In this thesis, we focus on certain algorithmic problems arising from the study of random combinatorial structures and high-dimensional statistical inference tasks. We study them from a computational perspective through the insights gained from statistical physics. For the purposes of this talk, we present an excerpt from the thesis, focusing on three models.
Our first focus is on the symmetric binary perceptron model (SBP), a toy one-layer neural network model and a random constraint satisfaction problem. The SBP exhibits a dramatic statistical-to-computational gap (SCG) as well as a striking conundrum: the existence of polynomial-time algorithms coincides with an extreme form of clustering, where almost all of its solutions are isolated singletons at all subcritical densities. This conundrum challenges the view that clustering implies algorithmic hardness. In order to explain true algorithmic tractability of this model, we conduct a different landscape analysis. Guided by insights from statistical physics, we show that the SBP exhibits the multi Overlap Gap Property (m-OGP), an intricate geometrical barrier for large classes of algorithms. Our analysis shows the m-OGP threshold (a) is well below the satisfiability threshold; and (b) asymptotically matches the performance of the best polynomial-time algorithms. Next, we establish that m-OGP is a barrier to stable algorithms and we conjecture that the onset of m-OGP marks in fact the onset of true algorithmic hardness. The proof of this barrier uses Ramsey Theory from extremal combinatorics. We furthermore show that a known algorithm by Kim-Roche for the perceptron model is stable.

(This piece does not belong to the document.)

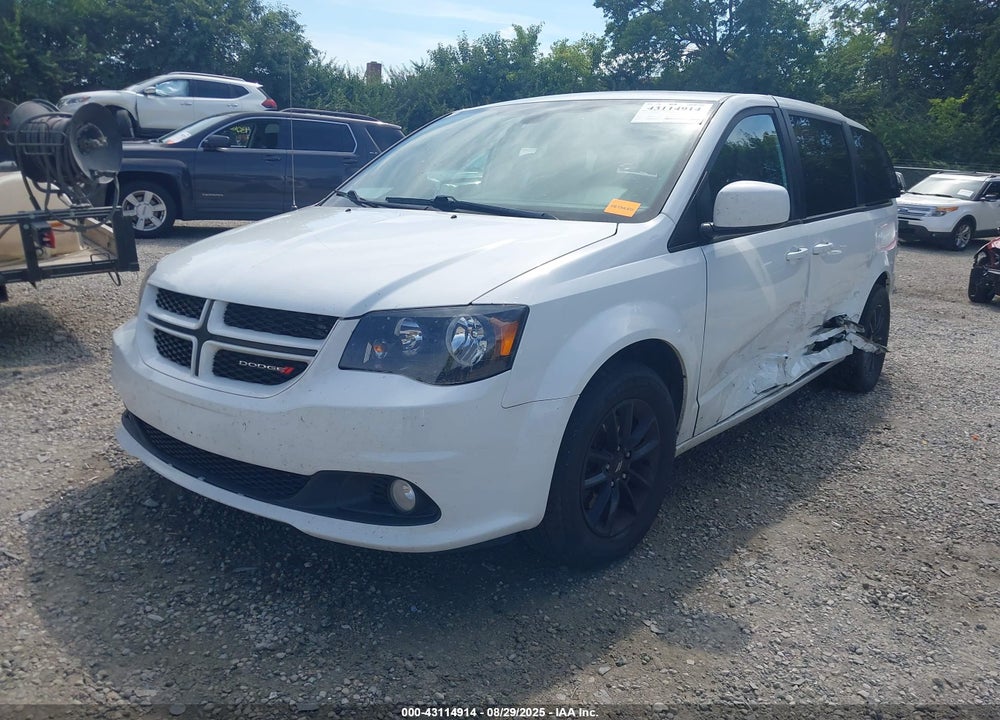 2019 DODGE GRAND CARAVAN GT VIN: 2C4RDGEG7KR764480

Unlike prior models, this algorithm does not appear to be captured by known classes of algorithms, such as the approximate message passing and low-degree polynomials.

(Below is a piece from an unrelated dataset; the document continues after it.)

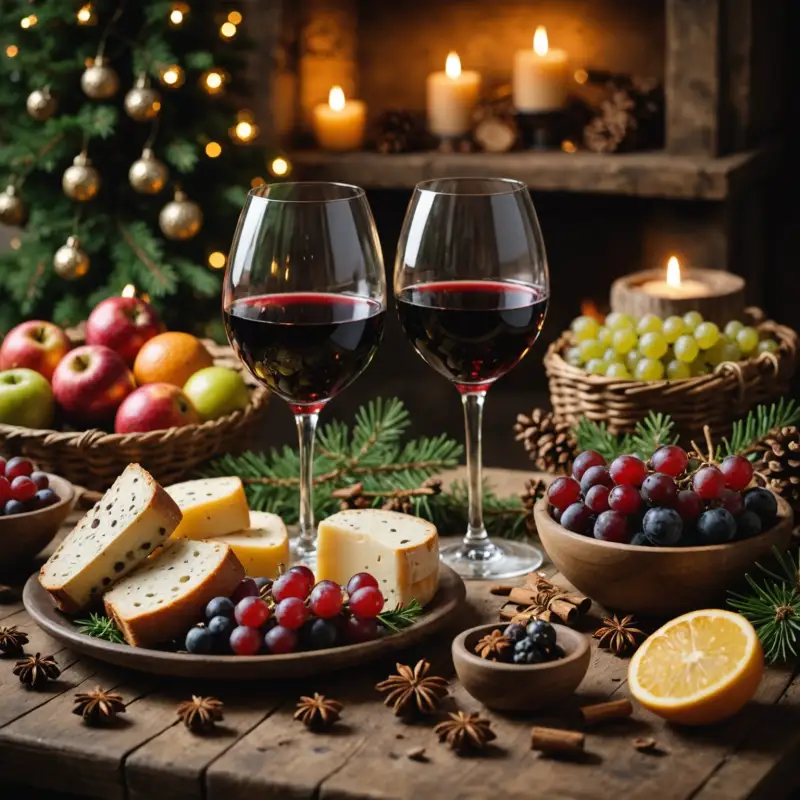 Vivere il Natale con degustazioni: vini e sapori tipici da scoprire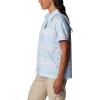 imageColumbia Womens Silver Ridge Utility Short Sleeve ShirtPurple TintPainted Hills Stripe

Our next focus is on the random number partitioning problem (NPP), a problem that has many applications, including the design of randomized controlled trials and cryptography. The NPP exhibits yet another SCG. In order to address this gap, we establish the presence of OGP and subsequently leverage it to show that (a) stable algorithms fail to find near-optimal solutions and that (b) a very natural Monte Carlo Markov Chain dynamics mixes slowly. When m is constant, we show the presence of m-OGP for linear energy exponents as well as its absence for sub-linear exponents. Interestingly, however, by considering overlaps with growing values of m, we show the presence of OGP for a much broader range of energy exponents.
Our final focus is on the Sherrington-Kirkpatrick (SK) spin glass model, a mean-field model for disordered magnetic alloys. We establish that the algorithmic problem of exactly computing the partition function of the SK model is #P-hard on average under both a real-valued computational model as well as a finite-precision arithmetic one. To the best of our knowledge, this is the first statistical physics model with a rigorous hardness guarantee based on standard complexity-theoretical assumptions.
- Date: Tuesday, May 3
- Time: 1:30 pm - 3:00 pm
- Location: E60-112